The first surface is the Gemini Developer API pricing page, which is what this article is about. That is the cleanest answer for most developers who are using Gemini directly through Google's public developer stack. The second surface is Vertex AI, which exposes the Gemini models inside Google Cloud's broader enterprise platform. The third surface is Google AI Studio, which is an experimentation interface and not the same thing as a permanent production billing model.
The problem is that many ranking pages combine those surfaces with consumer Gemini subscription plans, Workspace add-ons, or even Google developer-seat products. That makes the page feel comprehensive, but it makes the exact token-pricing question harder to answer.
The practical rule is:
- use the Gemini Developer API pricing page when you are pricing direct Gemini API calls
- use the Vertex AI pricing page when your workload is actually being routed through Vertex and enterprise billing matters
- use AI Studio only as an experimentation surface, not as your final production pricing model
In March 2026, the interesting detail is that Vertex AI broadly mirrors the same Gemini token price patterns, but it also exposes enterprise-oriented lanes such as priority or flex and batch pricing more explicitly. If you are reading a third-party page and it does not tell you which surface its price table belongs to, treat that page as suspicious until you confirm the official source.
This is also the cleanest place to say what page one often leaves implicit: a Gemini pricing article should not spend half the page on app subscriptions if the query is about token pricing. That is one of the main reasons a narrower page can beat the existing SERP average here.
Example monthly cost math for common workloads
The easiest way to make token pricing useful is to turn it into a few realistic workload estimates. These are not official quotes. They are simple planning examples using the current March 2026 standard rates.
Example 1: small customer-support bot on Gemini 2.5 Flash
Assume you process 30M input tokens and 10M output tokens per month. At Gemini 2.5 Flash standard pricing, that is:
- input: 30 x $0.30 = $9.00
- output: 10 x $2.50 = $25.00
- estimated monthly total: $34.00
That is why 2.5 Flash is still such a strong default. It is cheap enough for production experimentation without forcing you all the way down to Flash-Lite.
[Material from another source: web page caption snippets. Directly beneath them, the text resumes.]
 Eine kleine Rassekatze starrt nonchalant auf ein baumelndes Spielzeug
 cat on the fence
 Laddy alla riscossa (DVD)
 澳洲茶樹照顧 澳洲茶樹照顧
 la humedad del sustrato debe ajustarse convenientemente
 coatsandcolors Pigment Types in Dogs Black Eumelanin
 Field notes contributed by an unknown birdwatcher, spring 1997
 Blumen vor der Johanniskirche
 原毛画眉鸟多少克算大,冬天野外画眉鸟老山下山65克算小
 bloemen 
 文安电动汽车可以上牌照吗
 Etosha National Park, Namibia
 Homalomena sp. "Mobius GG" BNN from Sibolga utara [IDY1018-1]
Example 2: high-volume routing or extraction service on Gemini 2.5 Flash-Lite
Assume 200M input tokens and 40M output tokens per month. At 2.5 Flash-Lite standard pricing:
- input: 200 x $0.10 = $20.00
- output: 40 x $0.40 = $16.00
- estimated monthly total: $36.00
That is an important reminder that the cheapest output lane can matter more than the cheapest input lane if your app produces a lot of text.
Example 3: premium coding or synthesis workload on Gemini 3.1 Pro Preview
Assume 20M input tokens and 4M output tokens per month, with prompts staying under 200K each:
- input: 20 x $2.00 = $40.00
- output: 4 x $12.00 = $48.00
- estimated monthly total: $88.00
That is not absurdly expensive, but it is still meaningfully higher than using Gemini 2.5 Pro for the same token volume:
- 2.5 Pro input: 20 x $1.25 = $25.00
- 2.5 Pro output: 4 x $10.00 = $40.00
- estimated monthly total: $65.00
In other words, the premium for 3.1 Pro is real even before you cross the 200K threshold.
Example 4: async backfill job with batch mode
Take the first example again, but run it through batch mode instead of standard mode on 2.5 Flash:
- input: 30 x $0.15 = $4.50
- output: 10 x $1.25 = $12.50
- estimated monthly total: $17.00
That is why batch pricing is the first optimization lever worth checking before you redesign your whole stack or migrate vendors.
If you are still in the free-testing stage, the better companion read is the repo's Gemini API free quota 2026 guide. If you already know your workload shape and are only comparing the Gemini 3 fast lane, the narrower Gemini 3 Flash API price guide may be enough.
The bottom line is simple. The current Gemini API token-pricing question is not really "what is the price?" It is "which Gemini lane matches my workload, and which billing modifiers will change the real number?" Once you answer that, the rest of the Gemini pricing surface becomes much easier to navigate.